SoCs: when to make versus when to buy

Many internet-connected embedded products today run some flavour of Linux, and Linux requires a reasonably sophisticated System on Chip (SoC). The underlying hardware implementation typically boils down to the venerable CPU-RAM-ROM triad, a motif found under the hood of virtually every computer for decades. This triad of components is technically challenging to implement, yet ironically is one of the least differentiating features.

Product developers that prioritise BOM cost reductions will blindly throw extensive engineering resources at refining and cost-optimising the CPU-RAM-ROM triad. It seems easy to justify throwing resources at a full-custom solution that can shave tens of dollars off a BOM, which would otherwise go to a System on Module (SoM) vendor like Raspberry Pi, Variscite (www.variscite.com), or SolidRun (www.solid-run.com). This is sound logic if you’re a large corporation gearing up for production runs of hundreds of thousands of units.
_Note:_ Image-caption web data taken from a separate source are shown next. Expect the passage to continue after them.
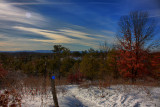 Winter scene in HDR<BR>January 31, 2011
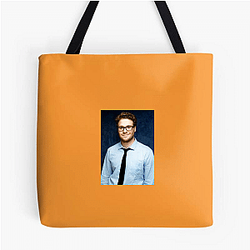 Seth Rogen starred in the film Superbad Seth Rogen Bags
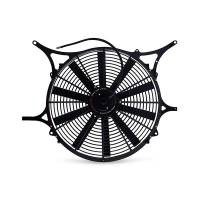Mishimoto - Mishimoto MMFS-E46-99 Mishimoto 99-06 BMW E46 Non-M Aluminum Fan Shroud Kit - Fits select 1999-2009 BMW models - Image 4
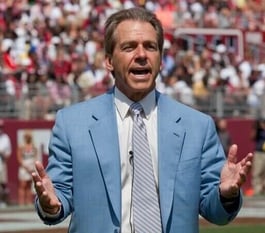 Nick Saban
However, even the most successful startup products typically run only a few thousand units before requiring a major design revision: bold new ideas make bold assumptions that rarely survive contact with end customers. Fresh clarity on market requirements and user feedback often necessitates changes. In a fail-forward-fast environment, cost-optimising a CPU-RAM-ROM triad doesn’t make sense. It would be like assigning top software developers to first hand-optimise code loops, instead of experimenting with new features and user requirements.
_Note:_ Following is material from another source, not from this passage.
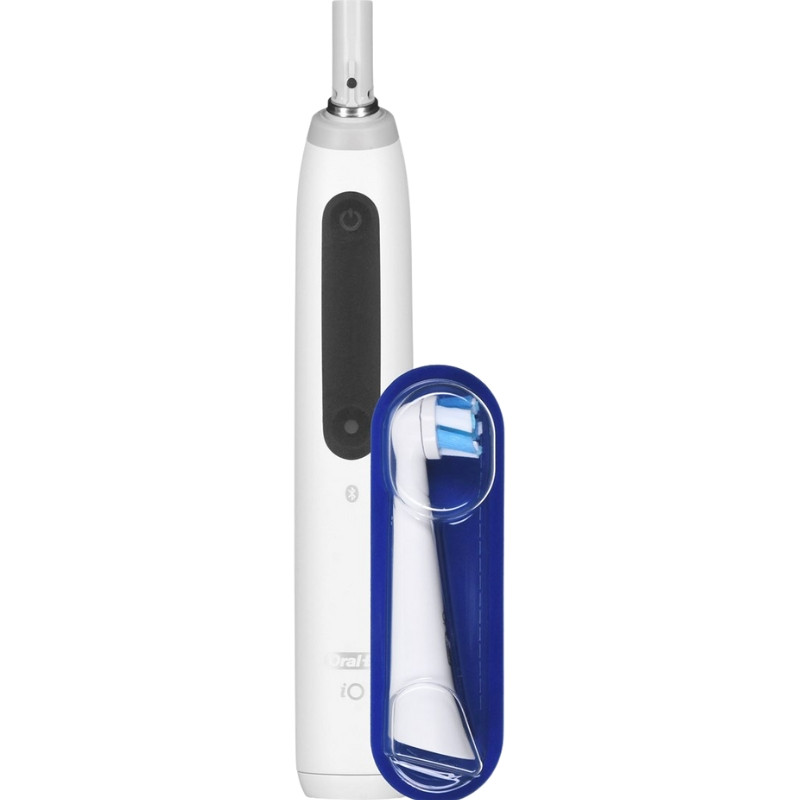 Braun Oral-B Szczoteczka elektryczna iO5 Quite White - zdjęcie 3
When design requirements are bound to change within the span of a few thousand units, spending tens of dollars extra per unit to buy a modularised CPU-RAM-ROM triad from SoM vendors amortises nicely, compared to the costs required to roll one from scratch. Starting with a well-validated processing core also reduces the risk of schedule delays due to unforeseen complications, while freeing up engineering resources to work on features that are truly unique to your product.
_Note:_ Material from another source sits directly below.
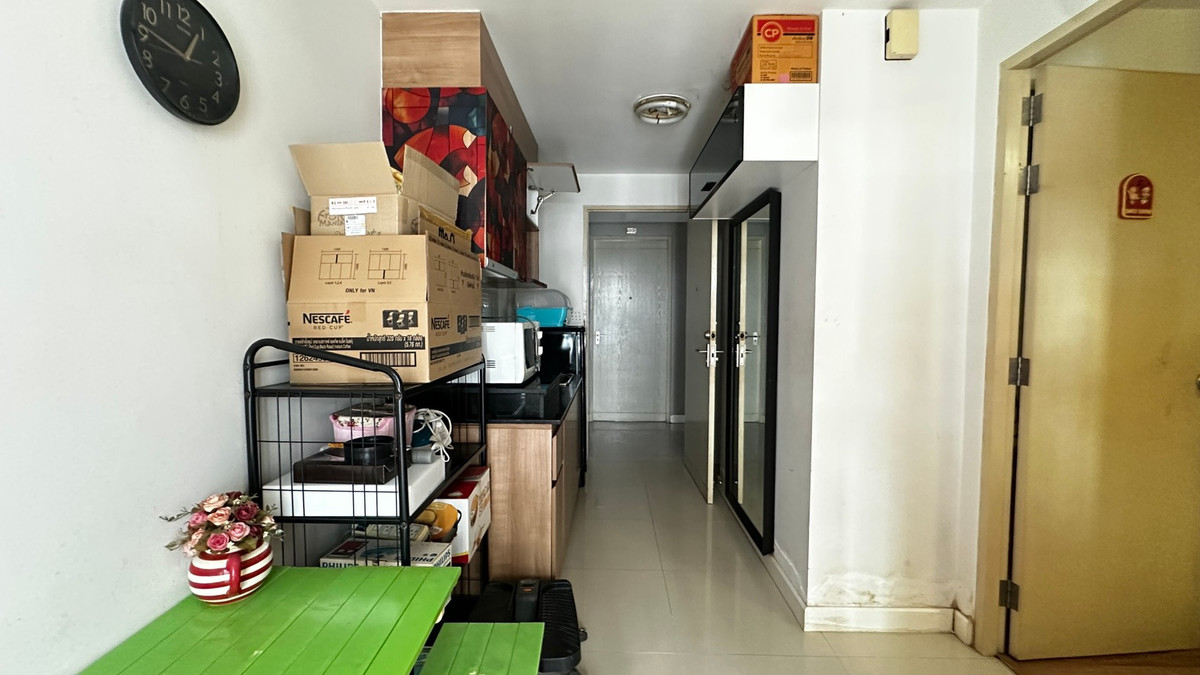 Ideo Ladprao 17 / 1 Bedroom (FOR SALE), ไอดีโอ ลาดพร้าว 17 / 1 ห้องนอน (ขาย) PINP268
A real life example of this philosophy is Formlabs’ choice to use a SoM inside the Form 2 (read the full tear-down here: hsmag.cc/MPWHAP). Despite having ample venture capital and engineering resources, they wisely focused their efforts on building a better printer, instead of a cheaper or better computer. The wisdom to see past the BOM, and to focus on the issues that make or break a product, is arguably one of the essential competencies that any startup needs if it hopes to eventually grow into a billion-dollar business.